Categories: Business, Custom Merch, teaching resources | Tags: , , , | 2 Comments

Should I / my child work towards guitar grades?

To start off with this week I’d like to congratulate my student Luke on getting a Distinction in his Grade 6 RGT guitar exam.  It’s an inspiring and fantastic achievement and much hard work paid off.

Luke is 16 and he’s a great guitarist.  He plays a variety of styles of guitar and also other instruments and is hugely interested in music and playing music.  I’m a very proud guitar tutor 🙂

This brings me to the subject of my blog today…..

How important are grades for the guitarist?  Are grades essential?  And, what are my opinions on them?  

I am frequently asked these questions by my students and the parents of my students.  It is a subject not short on discussion amongst many a musician and on many a forum and it has as many varying viewpoints as people have opinions…

My story

To start off with, my story is that I passed my grade 8 guitar and my grade 5 Music Theory in college, whilst studying for a BTEC in Popular Music.  I then chose to go to University to study music. I’ve since gone into a career in music. Were grades essential for me? Yes.  They helped my theory and motivation. I felt encouraged by having certificates and benchmarks to work towards.  They contributed to me getting onto my University course.

The part to take note of is…

I didn’t ONLY do grades… the graded aspect of my guitar playing life was a very small percentage.  I was mainly out playing in bands (a lot!) and writing music, learning songs etc. The balance was very important for me and the grades complemented everything else.   I did the work but I also enjoyed playing.  That’s the thing to remember.  Work on feel and performance, play and creativity as well as theory….if that’s your thing it will all work together.

My opinion as a teacher?

As a guitar teacher my feelings have changed more than once and ultimately there is no overall fixed opinion for this subject.  Having taught many different styles/abilities/ages I can see that working through guitar grades is definitely the best choice for some and definitely not for everyone.   There are so many reasons why people enter into the world of playing guitar and it is here that will help you to decide whether working towards grades is relevant and/or useful to you or your child.
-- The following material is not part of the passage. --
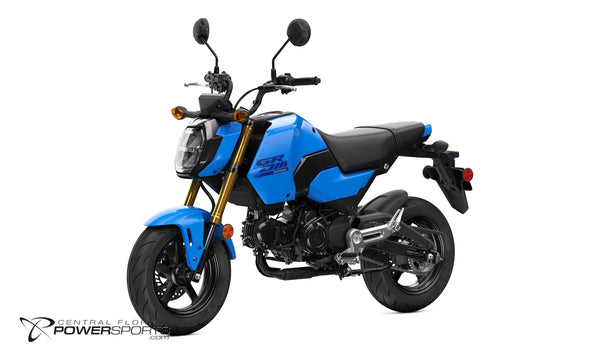 2026 Honda Grom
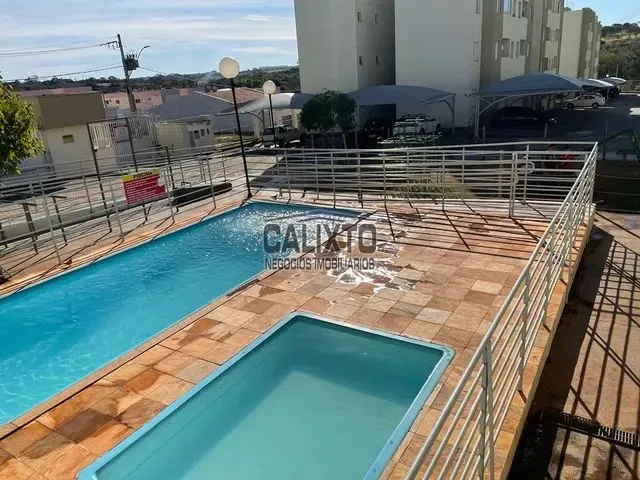 Imagem: Apartamento Bairro Shopping Park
Ask yourself why you are playing guitar. 

The next step…?

What will grades offer you?

  • A recognised system of measurement for your playing.
  • A qualification regulated by Ofqual – grades contribute towards UCAS/A Level/GCSE points.
  • A structured and digestible progression. Discipline.
  •  A certificate from a recognised body – markers of achievement and deadlines for your learning.
  • Learning the theory and techniques to create an all round foundation for your playing.
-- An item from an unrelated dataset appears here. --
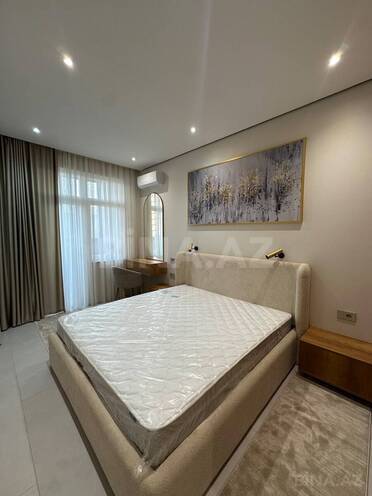 Продаётся 3-комн. новостройка 118 м², м. 28 мая, photo 7 from 19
If the above list appeals to you then I would encourage you to look into attaining grades a little bit further.  If it doesn’t appeal then maybe it’s not for you.  This doesn’t make you any more or less allowed to enjoy playing this awesome instrument 🙂

As a rule of thumb, if you are looking to follow the music education/career route then grades are most likely expected of you.   For children (and indeed adults!) who are motivated by achieving awards they will also be beneficial to you too.  Many people have the ability to self-discipline and can structure their own learning.  Others require help from an external source and hence look for a teacher.  This helps with focus, structure and an organised lesson with a deadline.
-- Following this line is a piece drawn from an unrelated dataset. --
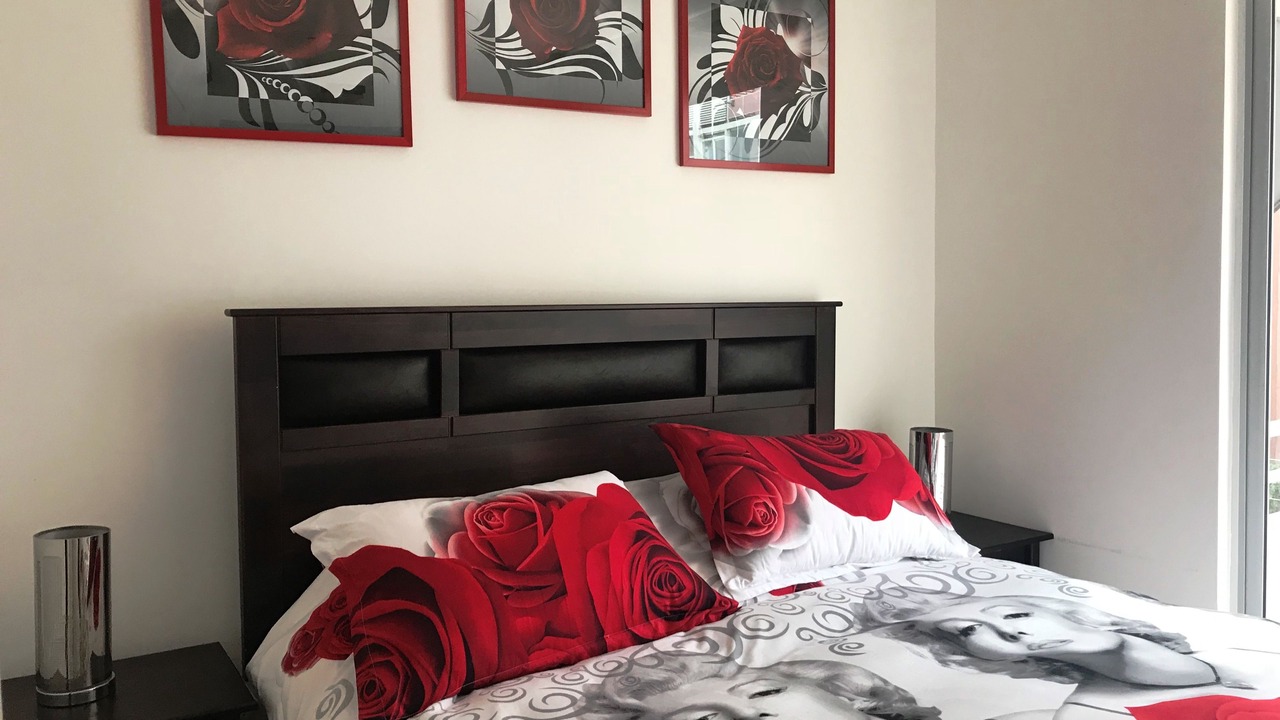 Photo of Bedroom in La Serena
Each person has an individual need in this case and I would suggest if you have more questions after reading this then you should have a more detailed conversation with a professional (many professionals)…

please feel free to email me at:   jo@jobywaterguitartuition.com

Beware the myths…

Some people feel that working towards grades contributes towards making your playing ‘serious’ and ‘heavy’ or that it ‘stunts’ your creativity.  It doesn’t have to.   It is down to the person. Be a balanced player.

Have structure but ultimately remember how to play and have fun!  🙂

See you next time

Jo

RGT Grade books for Electric Guitar 

For those who would like to read further, here are links to the 2 main recognised popular guitar grading systems in the UK:

RGT

Rockschool

I teach grades where requested.  I’m happy to not teach grades. Guitar is about the individual.

Anybody who would like to add to this or comment by way of discussion please do.

Categories: Grades, Music Theory, teaching resources | Tags: , , , , | Leave a comment

How to teach your child guitar if you can’t play a note and have no sense of rhythm – a parents account!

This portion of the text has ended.